I had not been there in several years (has it really been seven years already!?), when it was one of the “field trips” in a New England Archaeology course I had with the wonderful Edward Gallagher. We had gone into the Congo church across the road (an exact replica, it seemed, to the Hanson Congo, and every other New England Congo Church!) Then we had explored the cemetery – it has a great many old stones, and lots of interesting carvings.

So today, I was happy to become reacquainted with the cemetery. From old slate to newer marble to newest granite, the cemetery is quite large, and still serves the Middleboro community. We stuck to the older sections, always my favorite. But perhaps my preference mimics the study of history in general – historians for the most part are not interested in the modern, but rather the past (About what time frame did your high school history classes go up to?). Yet with each successive generation comes a need to research the previous!

Sadly I had forgotten to bring my camera. But Jubee had pointed out that she was interested in finding poetry on stones, for she had been inspired after recently received an assignment to write an epitaph for an English class. I always love looking at gravestones from new approaches, so it was fun to seek out poetry.

I told her about the beloved epitaph oft-quoted by AGS’ers – “I told you I was sick!!”

There were many, many spiritual references. We searched around for paper and a pencil (usually staple goods in my purse), but only came up with our napkins from Dairy Queen.. so just jotted down a few.

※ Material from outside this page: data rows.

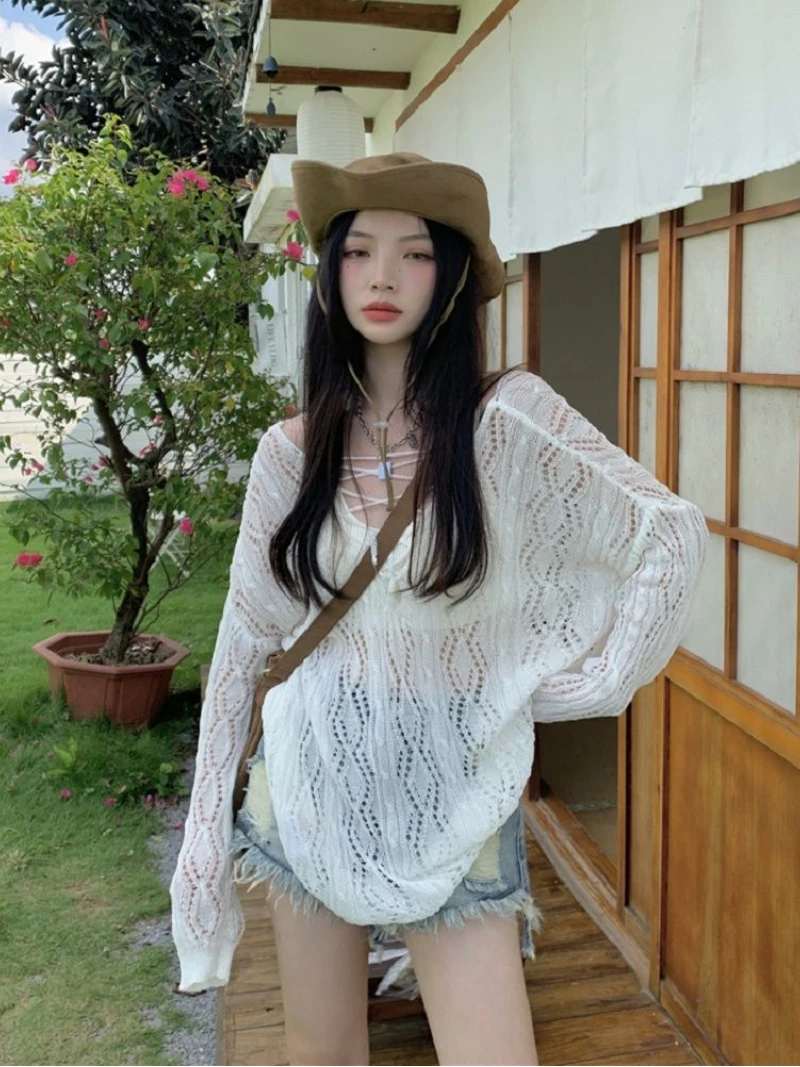 V-neck Hollow Out Pullovers Women Thin Summer All-match Sexy Harajuku Vintage Hot Sale Baggy Sun-proof Ulzzang Casual Sweaters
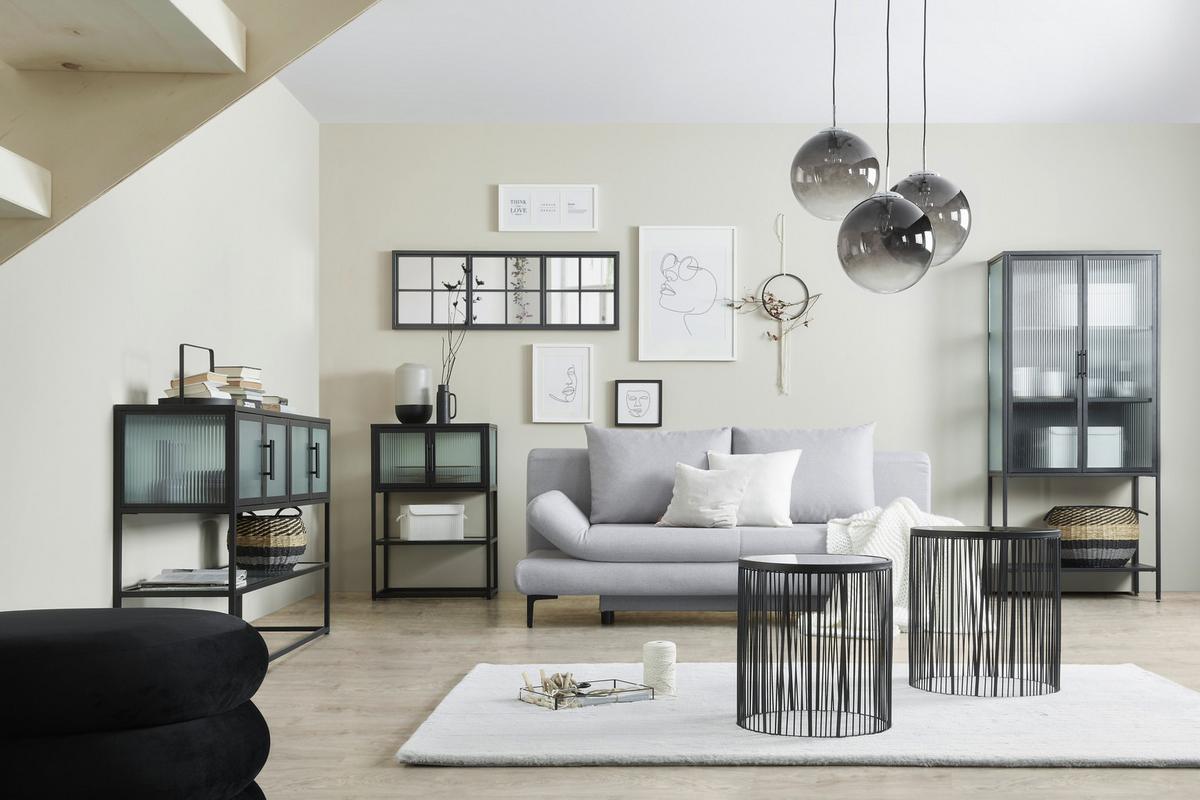 Vitrine Cube in Schwarz - Klar/Schwarz, MODERN, Glas/Metall (80/180/38cm) - Premium Living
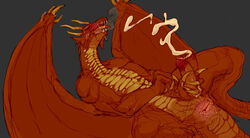 2015 anus blush claws cum custapple dragon dungeons_and_dragons fangs horn humanoid_penis male male_only masturbation muscles open_mouth penis red_dragon_(d&d) scalie solo sweat wings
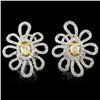 Image 1 : 18K White Gold 1.46ctw Fancy Color Diamond Earring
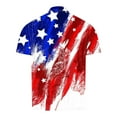 thumbnail image 4 of ibuvkizy Men's 4Th of July USA Shirts Shirt Short Sleeve American Flag T-Shirt Men's Casual Printed Zippered T-shirt With Lapel Top Summer Patriotic Graphic Tees, 4 of 5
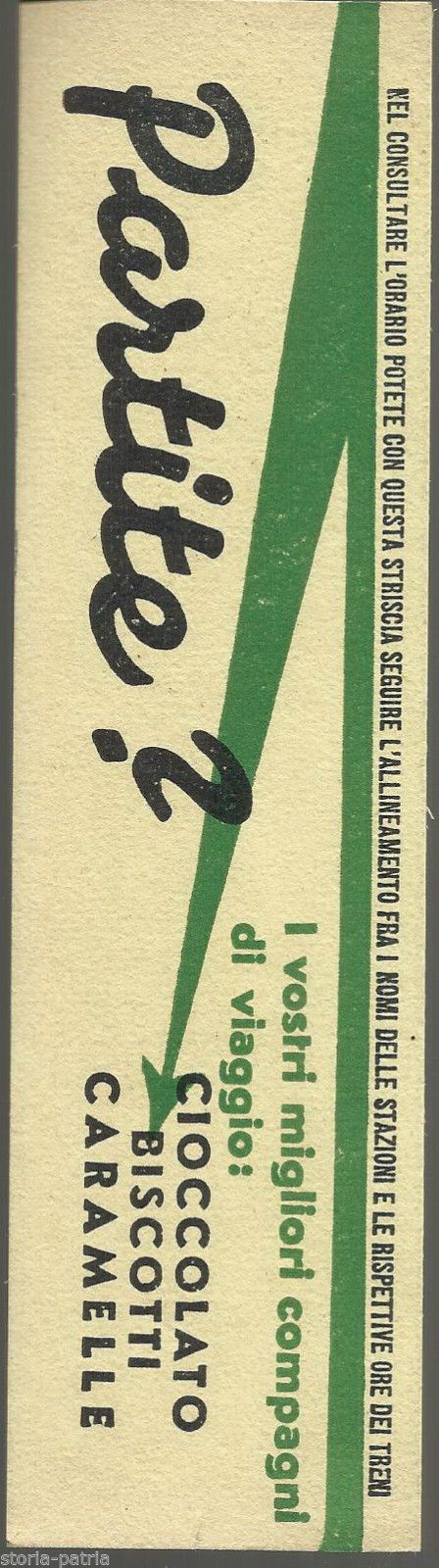 Segnalibro Pubblicitario Ferrovie E Dolciumi, Anni '40
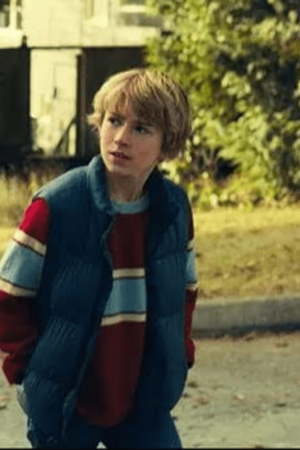The adam project Walker Scobell blue puffer vest
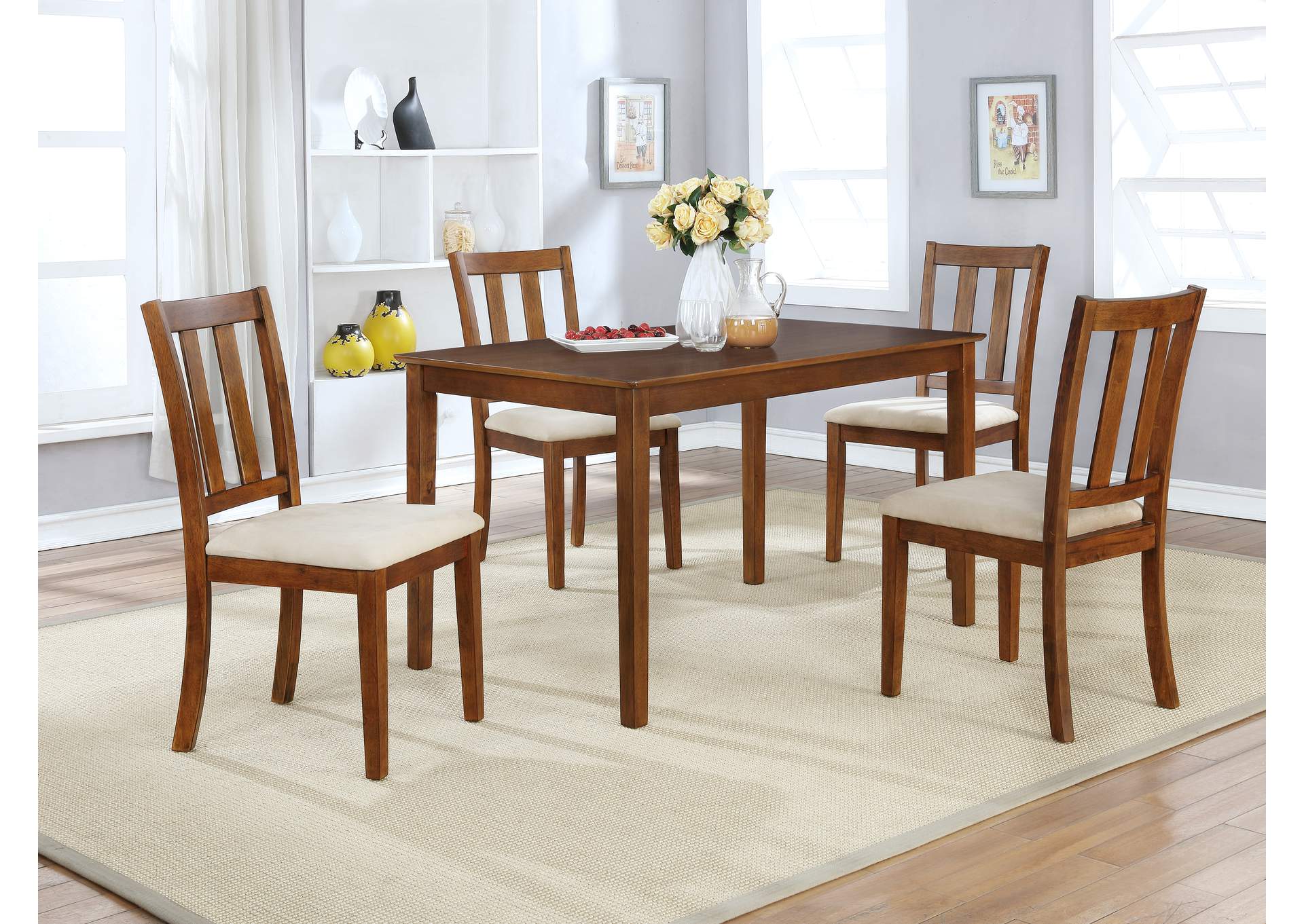 D3335 - 5 In 1 5 Piece Oak Dining Set 5 In 1,Global Trading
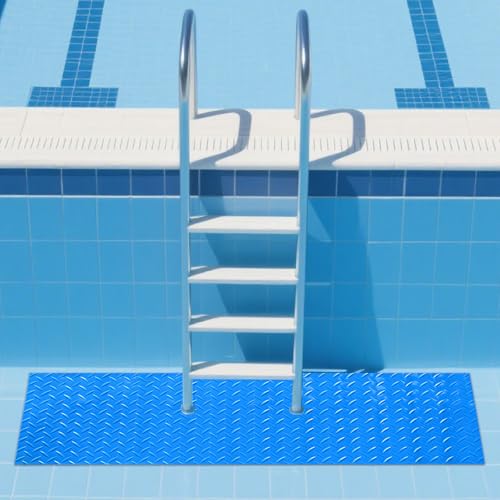 Large Swimming Pool Ladder Mat, 12"x36" Protective Non-Slip Pool Step Pad with Texture，Protective Ladder Pad for Above Ground Swimming Pools Liner and Stairs (Blue)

Here’s a sad one for a young girl:
“See the lovely blooming flower
Fades and withers in an hour
So our transient comforts fly
Pleasures only bloom to die”

In addition, I was interested in some stones in the back right corner, many of which belonged to the Thompson family. They were large white marble stones, mostly 1800s, but they were stained a dark red color. Is there a significant amount of local iron ore in the stone? I would like to look more into where stone is quarried for local stones.